Так вполне бы мог сказать Сальери.
«Ты имеешь не дарование, а гений. Ты богач, у тебя есть неотъемлемое средство быть выше незаслуженного несчастья и обратить в добро заслуженное; ты более нежели кто-нибудь можешь и обязан иметь нравственное достоинство. Ты рожден быть великим поэтом, будь же этого достоин».
И так уж точно мог бы сказать Сальери. Если во втором отрывке заменить слово «поэт» на «музыкант», то это можно было бы принять за наброски Пушкина к его «маленькой трагедии», проработку характера Сальери.
А между тем строки эти принадлежат тому, кого называют (без тени иронии) пушкинским ангелом-хранителем. Василию Андреевичу Жуковскому. И это имя фигурирует в книге «Нас мало избранных» в связи с интересующей нас загадкой.
Впрочем, «Жуковского, - замечает Нина Забабурова, - в пушкинском Сальери узнать просто, и в то же время это анти-Сальери, противоположная модель отношений с гением. У Сальери – бунт, у Жуковского – жертвоприношение».
Интересно, что испытывал Жуковский, когда читал слова пушкинского Сальери:
Отверг я рано праздные забавы;
Науки, чуждые музыке, были
Постылы мне, упрямо и надменно
От них отрекся я и предался
Одной музыке.
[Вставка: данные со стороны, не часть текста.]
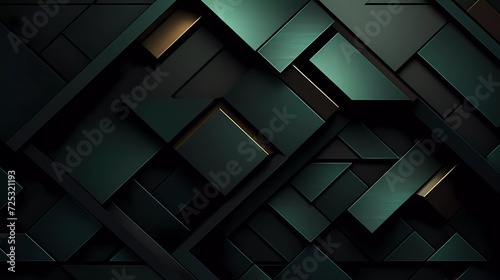 Black and dark green background, Geometric pattern. generative ai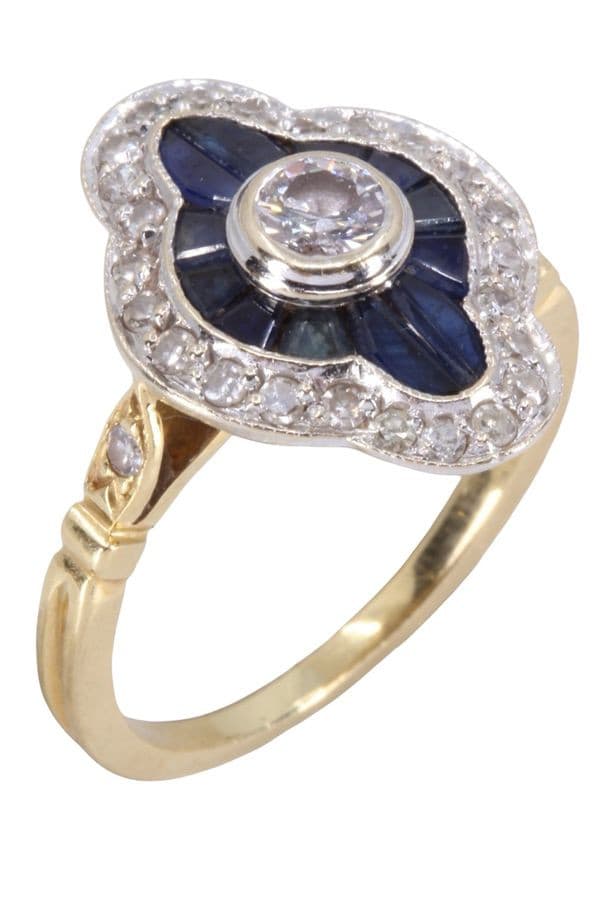 BAGUE MARQUISE SAPHIRS ET DIAMANTS — vue 3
Труден первый шаг,
И скучен первый путь. Преодолел
Я ранние невзгоды. Ремесло
Поставил я подножием искусства».
О реакции Жуковского на это неизвестно. Возможно, он не распознал собственных черт в Сальери. Возможно, сделал вид, что не узнает почти дословные цитаты из собственных наставлений Пушкину…
Для Жуковского, как и для Вяземского, смерть Пушкина была ударом. Василию Андреевичу выпала печальная миссия разбирать бумаги погибшего ученика и многолетнего друга. Нина Забабурова завершает главу о Жуковском таким отрывком из его письма, где речь о черновиках Пушкина: «С каким трудом писал он свои легкие, летучие стихи! Нет строки, которая бы не была несколько раз перемарана. Но в этом-то и заключается тайная прелесть творения».
Позволю себе предположить, что в тот миг Василий Андреевич был озарен радостью и умилением: все перемарано… С трудом рождались строки… Значит, не Бог.
Все в порядке.
Просто совпадение?
Версию о том, что Сальери проглядывает в Евгении Баратынском, Иосиф Бродский считал абсурдом. Почему? Баратынский, по его мнению, не мог завидовать Пушкину, потому что свой поэтический дар ставил выше пушкинского, хотя и носил маску скромности и смирения.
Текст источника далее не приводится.